I opted for this method because I think of story as structure and structure and story. Wasn’t it Goethe who said to think of architecture as frozen music and music as liquid architecture? There’s an undeniable relationship between how we perceive spaces and how we perceive abstract expressions of emotion. For now, I am exploring this idea in the context of VR experiences. Storyboard could be an exhibited narrative space.
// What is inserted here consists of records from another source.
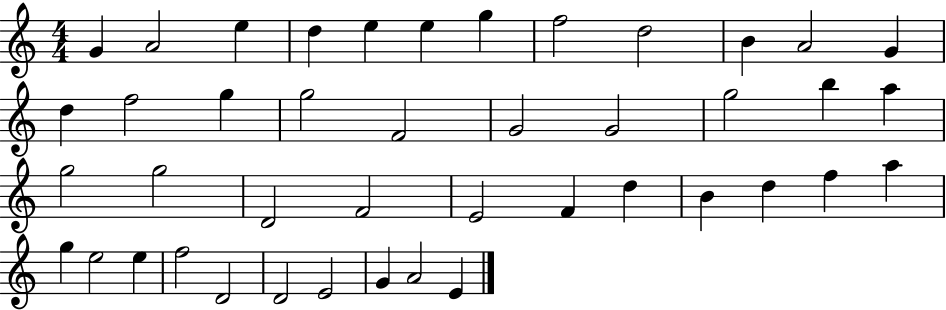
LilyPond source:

{
  \clef treble
  \numericTimeSignature
  \time 4/4
  \key c \major
  g'4 a'2 e''4 | d''4 e''4 e''4 g''4 | f''2 d''2 | b'4 a'2 g'4 | \break d''4 f''2 g''4 | g''2 f'2 | g'2 g'2 | g''2 b''4 a''4 | \break g''2 g''2 | d'2 f'2 | e'2 f'4 d''4 | b'4 d''4 f''4 a''4 | \break g''4 e''2 e''4 | f''2 d'2 | d'2 e'2 | g'4 a'2 e'4 | \break \bar "|."
}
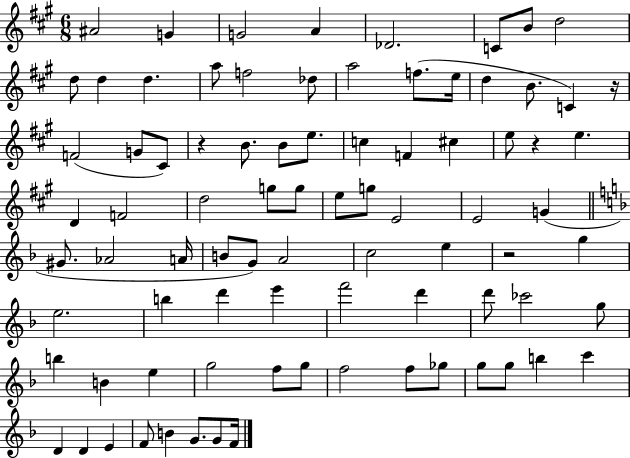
{
  \clef treble
  \numericTimeSignature
  \time 6/8
  \key a \major
  \repeat volta 2 { ais'2 g'4 | g'2 a'4 | des'2. | c'8 b'8 d''2 | \break d''8 d''4 d''4. | a''8 f''2 des''8 | a''2 f''8.( e''16 | d''4 b'8. c'4) r16 | \break f'2( g'8 cis'8) | r4 b'8. b'8 e''8. | c''4 f'4 cis''4 | e''8 r4 e''4. | \break d'4 f'2 | d''2 g''8 g''8 | e''8 g''8 e'2 | e'2 g'4( | \break \bar "||" \break \key f \major gis'8. aes'2 a'16 | b'8 g'8) a'2 | c''2 e''4 | r2 g''4 | \break e''2. | b''4 d'''4 e'''4 | f'''2 d'''4 | d'''8 ces'''2 g''8 | \break b''4 b'4 e''4 | g''2 f''8 g''8 | f''2 f''8 ges''8 | g''8 g''8 b''4 c'''4 | \break d'4 d'4 e'4 | f'8 b'4 g'8. g'8 f'16 | } \bar "|."
}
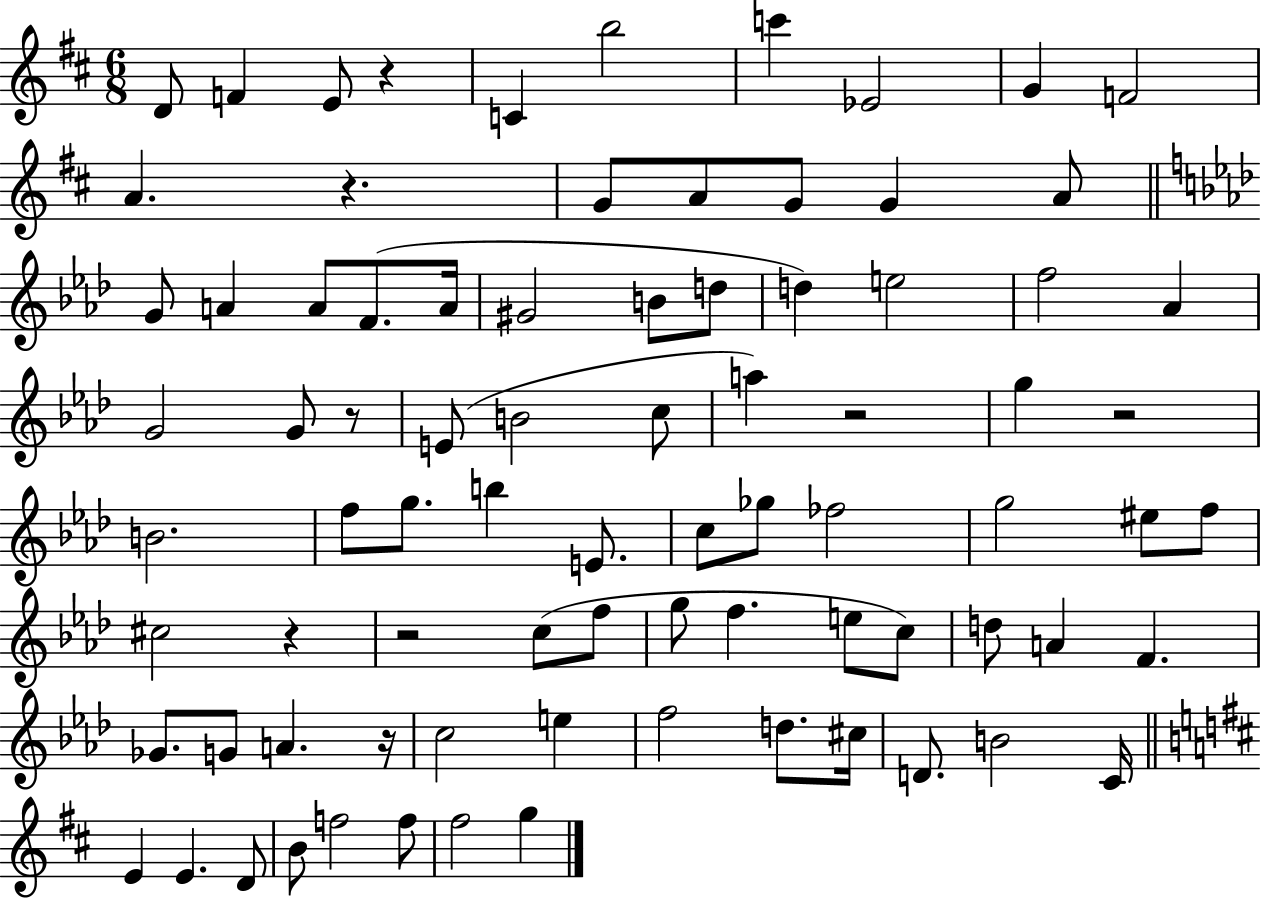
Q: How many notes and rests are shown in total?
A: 82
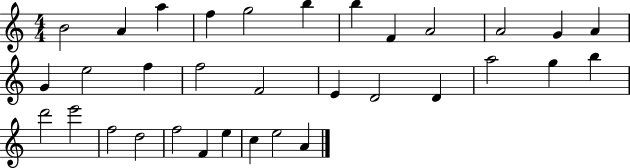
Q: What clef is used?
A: treble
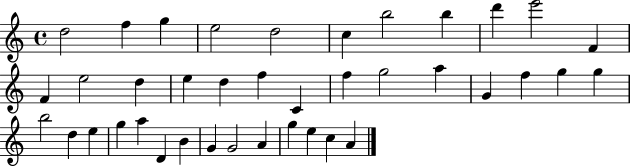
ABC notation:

X:1
T:Untitled
M:4/4
L:1/4
K:C
d2 f g e2 d2 c b2 b d' e'2 F F e2 d e d f C f g2 a G f g g b2 d e g a D B G G2 A g e c A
Unit 2, Week 2: Cinematic VR
I was lucky enough to watch a 14 min VR film some days ago, which changed my whole approach to this story-telling unit. I had been convinced that this 60-90s story of mine needed an interactive element for it to be successful in VR, but this film proved me wrong. I watched it with a cardboard headset on my phone and my eyes had a hard time adjusting to the camera focus, yet it still moved me to tears. The camera angles and movements are compelling and intuitive. The use of close-ups is ultra-successful and right on the necessary emotional beats. It proved, for me, that cinematic VR could very well be defined by the simple choice of letting yourself go as a VR user and being led. Of course, leading well as a director is no easy matter.
This realization comes at a good time because my priority for this unit is narrating space. I am now convinced camera movement will be my protagonist, and the user will only need to sit and look around. This may seem boring to users who are used to more of a gamification of experiences, but trusting a narrative to move for you has great potential. It is imperative, however, that it is a camera that thinks. My instructor has recommended a book on spatializing narrative which I ordered for my personal library and am very keen to read, but still hasn’t arrived.
Here is a sketch I did exploring character design and palette.
I have been exploring some character design, but my goal for the incoming week, now that I have decided to fully limit interaction to head movement, is to write a starting script. This will raise many questions about scripting 360 stories, and is sure to be a feat. Wish me strength and flexibility as I start building this narrative world.